He is not the first to attempt to tell the story of Hunter S Thompson but this is by far the most thorough analysis of Thompson as a writer. By taking an unflinching look at Thompson's writing and lifestyle, Wills offers us a window of insight into a complex man who was much more than the sum of his words.

I first read Thompson' work when I was twelve: my mother taught a summer class on American Literature at the university and I pleaded to be allowed to read long with them. One of those books was Fear and Loathing in Las Vegas.

I had never read anything like it and I know now that no one had read anything like it. Much of it must have gone over my head but I remember being blown away that a journalist could be given an assignment and turn in something completely unrelated to the assignment and still get an A. I understood that this twisting of fact and fiction was something amazing. I would like to think that I understood that I was in the hands of a master. I already knew I wanted to be a writer but I didn't aspire to such heights -- it would be like trying to ride my bike to the moon -- but I remember being amazed that storytelling could look like this.

In High White Notes, Wills invites us on a journey through the phases of Thompson's work, starting with the early experimentation as he tried to find his voice. The descriptions of Thompson's most well known articles tread that tightrope of quoting enough to keep the new reader along without asking us to wade through Thompson's entire opus.

As a reader and a writer, I was particularly fascinated by the way that Wills pulls apart Thompson's words to highlight the component parts of Thompson's instantly recognizable prose before putting it all together again into what we now know as Gonzo journalism. Wills shows us the beauty of the words and sentence structures as well as the dismissive descriptions, throw-away racism and outright lies that were part and parcel of Thompson's best writing.

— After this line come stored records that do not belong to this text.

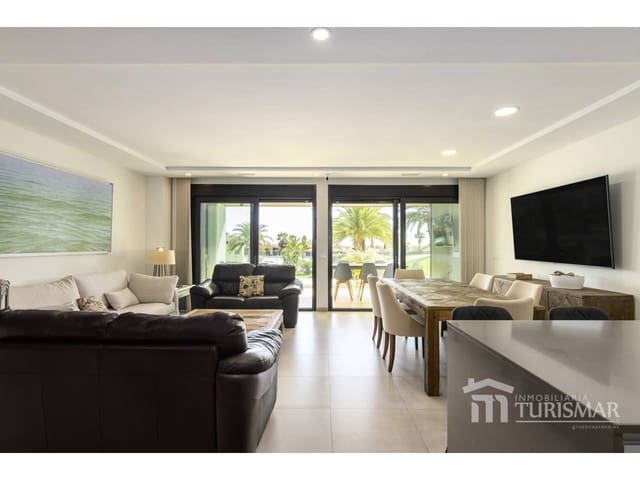 4 soverom Strandleiligheter til salgs i Ayamonte med svømmebasseng garasje - € 750 000 (Ref: 9443579)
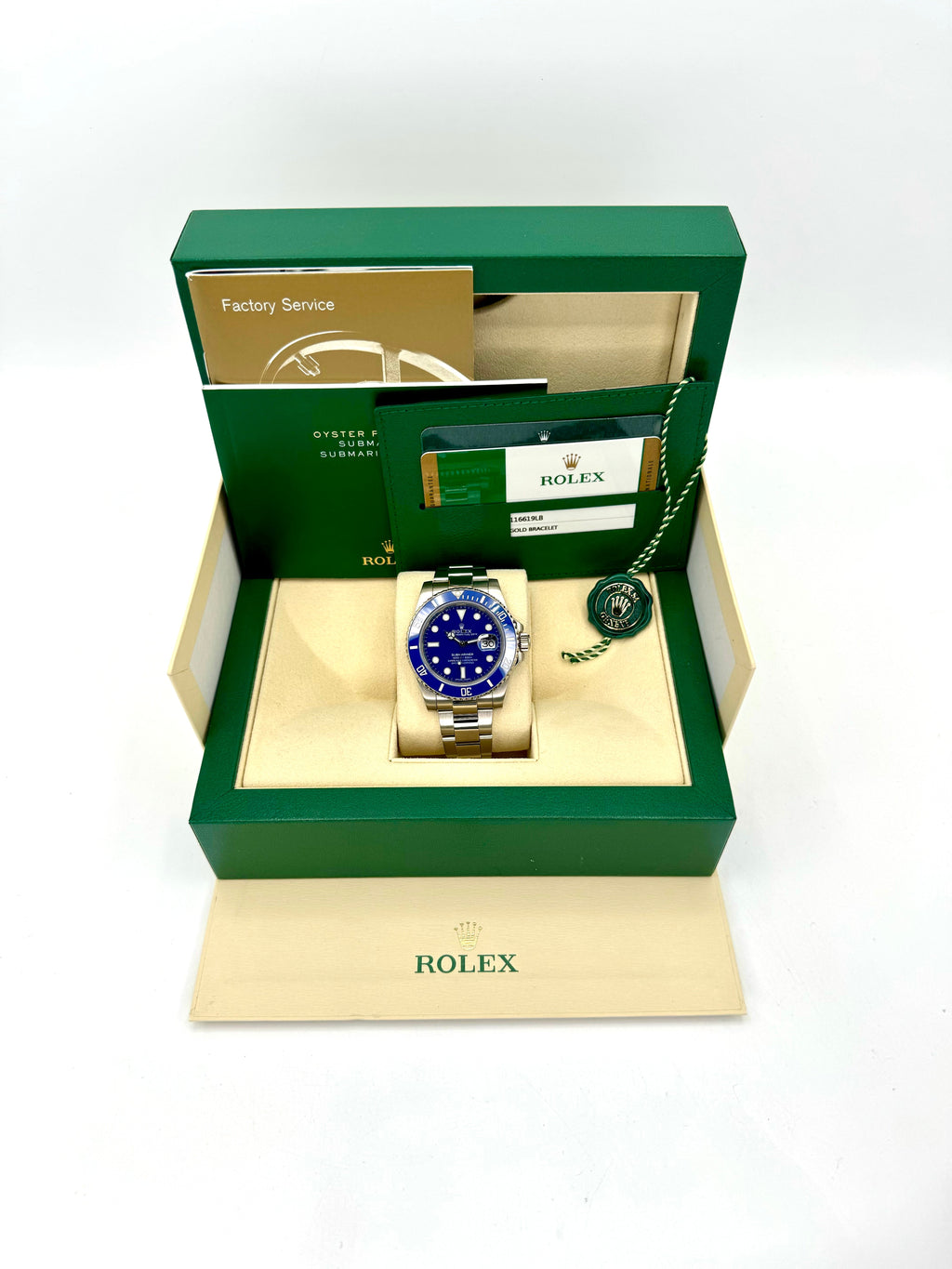 2017 Rolex Submariner "Smurf" 40mm 116619LB White Gold Blue Dial
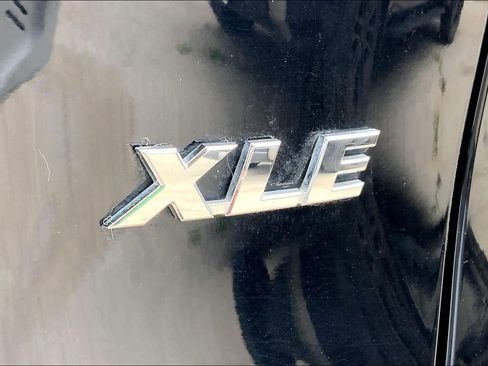 Used 2024 Toyota RAV4 XLE FWD image 10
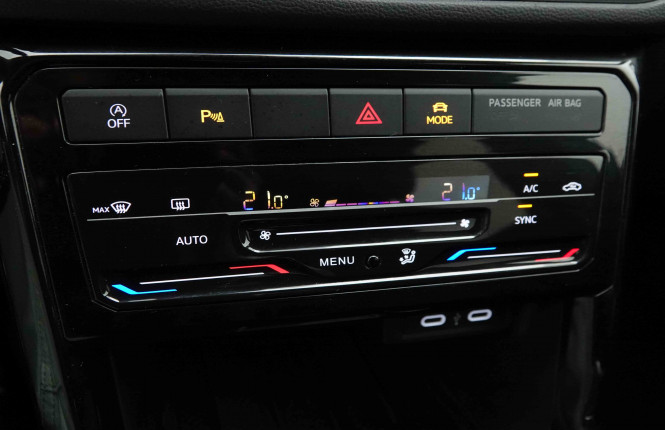 VOLKSWAGEN_VOLKSWAGEN_T_CROSS_2653245_12.jpg VOLKSWAGEN_VOLKSWAGEN_T_CROSS_2653245_12.jpg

Wills slices through the myths that Thompson surrounded himself with and proves just how much effort Thompson put into learning to write and writing better. Wills uses Thompson's literary history to show us how Thompson built up his box of writing tools until he was able to do exactly what he'd set out to do in the beginning: mix fact and fiction, using narrative techniques to share the truth with people didn't expect to hear it from someone like him.

"It was not coincidence that my father was a great writer" said his son Juan; this is the tragedy of the myth that Thompson built around himself, that it was supposed to be easy and it never, ever was.

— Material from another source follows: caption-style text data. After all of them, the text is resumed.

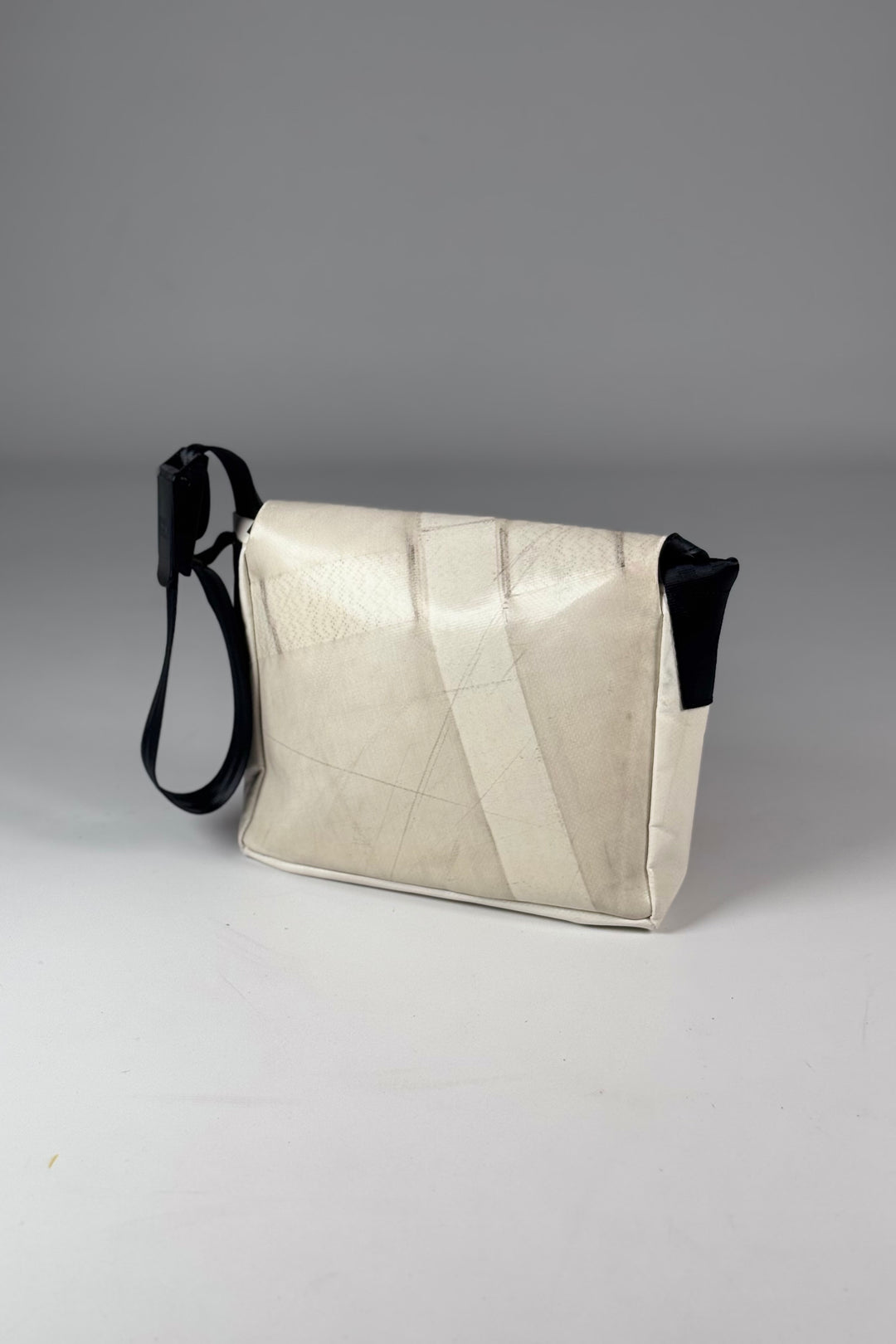 LASSIE F11 Messenger Classic S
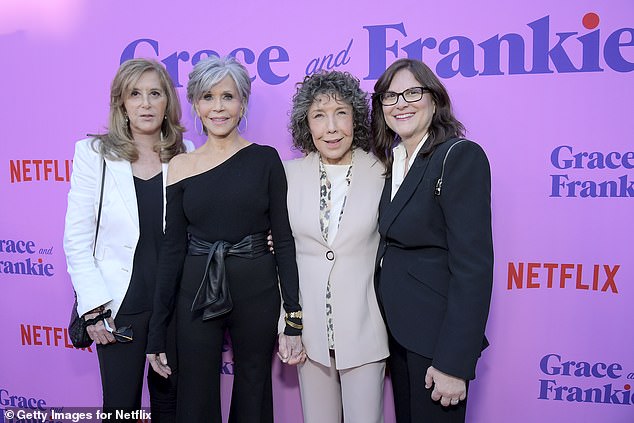 عمل وينشتاين كمنتج تنفيذي في جميع حلقات مسلسل نيتفليكس الشهير Grace and Frankie البالغ عددها 94 حلقة، بطولة جين فوندا وليلي توملين؛  شوهد في أبريل 2022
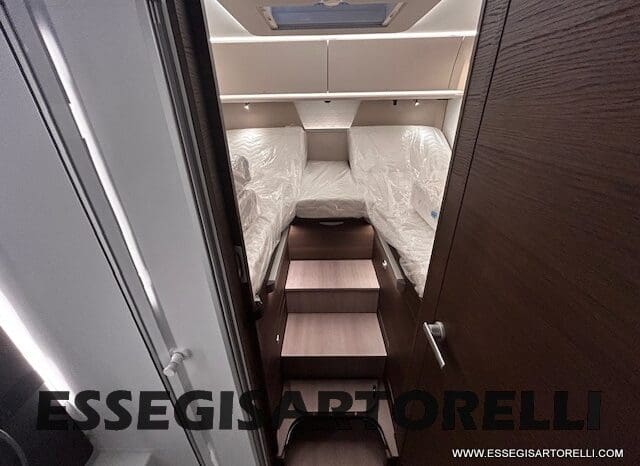 ADRIA SONIC SUPREME EDITION 700 DL ALDE GARAGE 140 cv letti gemelli GAMMA 2025 FACE TO FACE pieno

Wills shares Thompson's growth and success but also the professional issues and conflicts. Thompson wasn't just a difficult man politically but also exceedingly hard to work with: when asked to submit a 3,000 word article, he took four weeks and wrote 80,000 words, a book which remains unpublished. And yet, when asked to write a book in response, he spent years failing to ever get it off the ground.

High White Notes is the opposite of a binge read: dense and full of critical detail, ranging from the news of the time and cultural context, building up layer after layer of Thompson's life while peeling back the onion skins of myth and legend and hearsay, even if at the end we might not find anything more than a man that ended up broken, no longer able to achieve the great writing that he strived for from his first years.

I found myself highlighting phrase after phrase, key points jumping out on me on every page, until it started to feel like I was highlighting the whole damn book, just to make sure I get the chance to read it all again.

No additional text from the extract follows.